A record has survived which shows that one Robert Hode had used the name of Robert Dore, this was discovered by David Pilling and Robert Lynley. The rebel chaplain Robert Stafford called himself Friar Tuck in the fifteenth century, and in 1231-2 Robert Twenge a Yorkshireman, led bands of men in attacks on the foreign clergy, he used the name ‘William Wither’. In 1336 Adam of Ravensworth sent a threatening letter to Richard, parson of Huntington near York, under the title of ‘Lionel, king of the rout of raverners (robbers),’ and addressed his message from ‘our castle of the wind in the Greenwood Tower in the first year of our reign’.(6) Little beyond this letter is known of the career of this ‘king of the robbers’, but threatening messages in the form of parodies of a royal writ were fairly common in the 1330s, and Lionel was part of a large and thriving criminal population.

1.   King’s Bench Roll, 1441.

2.  Lordship and Learning: studies in memory of Tevor Aston, edited by Ralph Evans. (Boydell Press, 2004, p. 175)

3. Collections For a History of Staffordshire (William Salt Archaeological Society, new ser., x. part I, 1907), pp. 80-1.

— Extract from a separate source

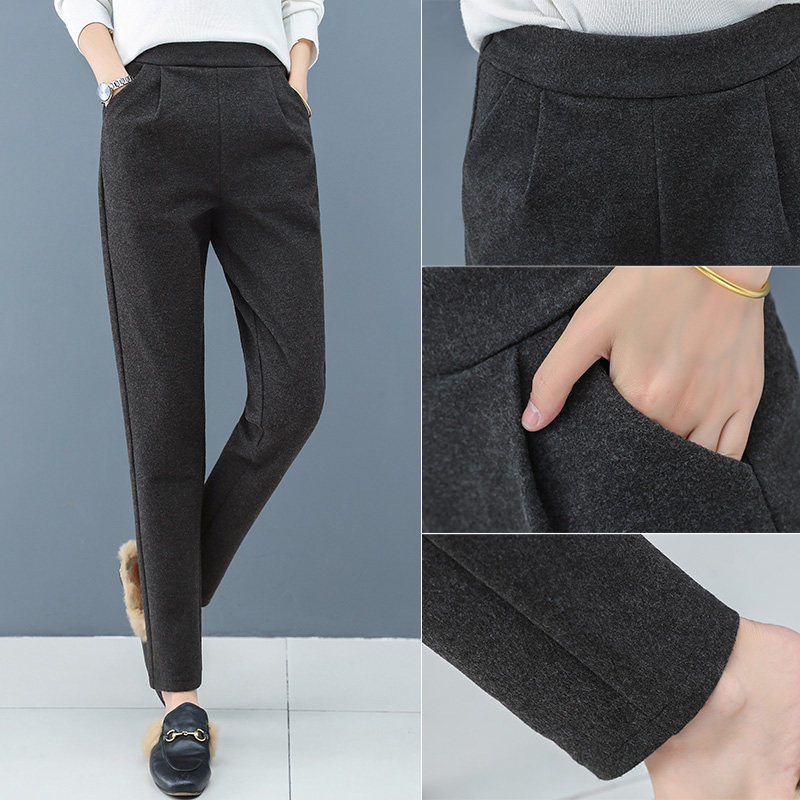 毛呢裤子女秋冬2020新款显瘦哈伦裤 玛依恋休闲裤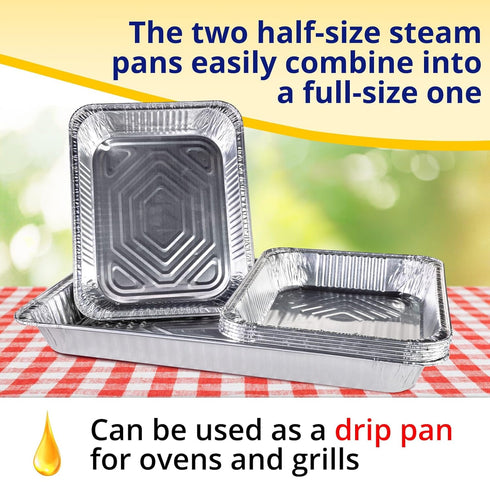 IDL Packaging Half-Size Aluminum Steam Table Pans, Medium, 13" x 11" x 2" (Pack of 10)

4.  Sir Ralph Winwood, Memorials of Affairs of State (London 1725), ii, pp. 172-3.

5.  For the references used in this paragraph see: Holt, Robin Hood, p. 58; A.J. Pollard, 1990, North- Eastern England During the Wars of the Roses, Lay Society, War, and Politics 1450-1500, pp. 304-305; John Gillingham, 1981, The Wars of the Roses, Peace and Conflict in Fifteenth-Century England, pp. 160-161; Anthony Goodman, 1981, The War of the RosesMilitary Activity and English Society, 1452-97, p. 205.

6.  E. L. G. Stones, ‘The Folvilles of Ashby Folville, Leicestershire and Their Associates in Crime 1326-41’, Transactions of the Royal Historical Society, 5 ser., vii (1957), pp. 134-5.